The final lesson in Cramer’s Stock Market Survival School is this:
“The lifeguard is off duty,” he said. “And when you go swimming in this market, you had better remember there’s nobody out there making sure the water is safe.”
Cramer means, of course, the Securities and Exchange Commission, which he thinks does little these days to protect retail investors. Since the most recent Bush administration took over, the SEC has repealed the uptick rule, approved double- and triple-levered exchange-traded funds and allowed high-frequency trading, all of which have made it harder for “the little guy” to buy and sell stocks. And President Obama has done little to roll back the damage, Cramer said.
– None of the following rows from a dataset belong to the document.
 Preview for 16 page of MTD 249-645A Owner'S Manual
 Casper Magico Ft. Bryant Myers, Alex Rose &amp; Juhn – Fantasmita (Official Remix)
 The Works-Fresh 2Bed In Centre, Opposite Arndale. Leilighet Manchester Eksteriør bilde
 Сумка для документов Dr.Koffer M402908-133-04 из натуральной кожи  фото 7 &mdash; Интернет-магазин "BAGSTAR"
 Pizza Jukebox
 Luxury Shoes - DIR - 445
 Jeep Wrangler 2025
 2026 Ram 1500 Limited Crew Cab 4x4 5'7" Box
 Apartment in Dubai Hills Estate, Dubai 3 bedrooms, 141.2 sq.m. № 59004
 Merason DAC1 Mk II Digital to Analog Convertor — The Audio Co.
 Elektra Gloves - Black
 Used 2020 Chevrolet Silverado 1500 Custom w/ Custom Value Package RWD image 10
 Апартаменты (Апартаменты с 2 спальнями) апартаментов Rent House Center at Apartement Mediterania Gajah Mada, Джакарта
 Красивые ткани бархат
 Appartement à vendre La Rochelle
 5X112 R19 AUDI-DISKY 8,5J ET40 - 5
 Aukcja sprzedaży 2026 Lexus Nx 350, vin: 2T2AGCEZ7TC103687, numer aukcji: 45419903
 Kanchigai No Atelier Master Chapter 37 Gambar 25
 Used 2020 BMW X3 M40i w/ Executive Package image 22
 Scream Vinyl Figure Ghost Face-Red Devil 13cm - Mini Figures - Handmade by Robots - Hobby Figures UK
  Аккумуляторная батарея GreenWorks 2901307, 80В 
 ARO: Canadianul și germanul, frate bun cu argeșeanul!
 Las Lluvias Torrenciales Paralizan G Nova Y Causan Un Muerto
Don’t expect any help from the exchanges either, whether Nasdaq or NYSE Euronext . It’s in their interest to allow hedge funds to make tons of fast trades because that’s how the exchanges make their money. There was a time when the Naz and NYSE were nonprofit, mutualized organizations that could police themselves, but those days are gone. Now their goal is making money, which is fine, but retail investors need to keep this in mind.
And one other note: Investors are also on their own in defending themselves against the Bernie Madoffs of the world. He did, after all, slip right through the SEC’s fingers. So if you’re going to give your hard-earned cash to a money manager, then make sure to demand reports directly from where the manager keeps his master account. And be sure to deal directly with the money manager’s accountant to get results. Also, never give money to a manager who puts it to work in an asset without an easily accessibly price.
If you can’t find the price of said security on CNBC.com, Cramer said, take back your money.